Transcribe all of the data, leaving nothing out and changing nothing.

---------- DATA BELOW ----------

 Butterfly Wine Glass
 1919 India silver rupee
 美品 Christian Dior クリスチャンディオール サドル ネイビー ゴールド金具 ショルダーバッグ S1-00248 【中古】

----------

## FINAL ANSWER:
 Butterfly Wine Glass
 1919 India silver rupee
 美品 Christian Dior クリスチャンディオール サドル ネイビー ゴールド金具 ショルダーバッグ S1-00248 【中古】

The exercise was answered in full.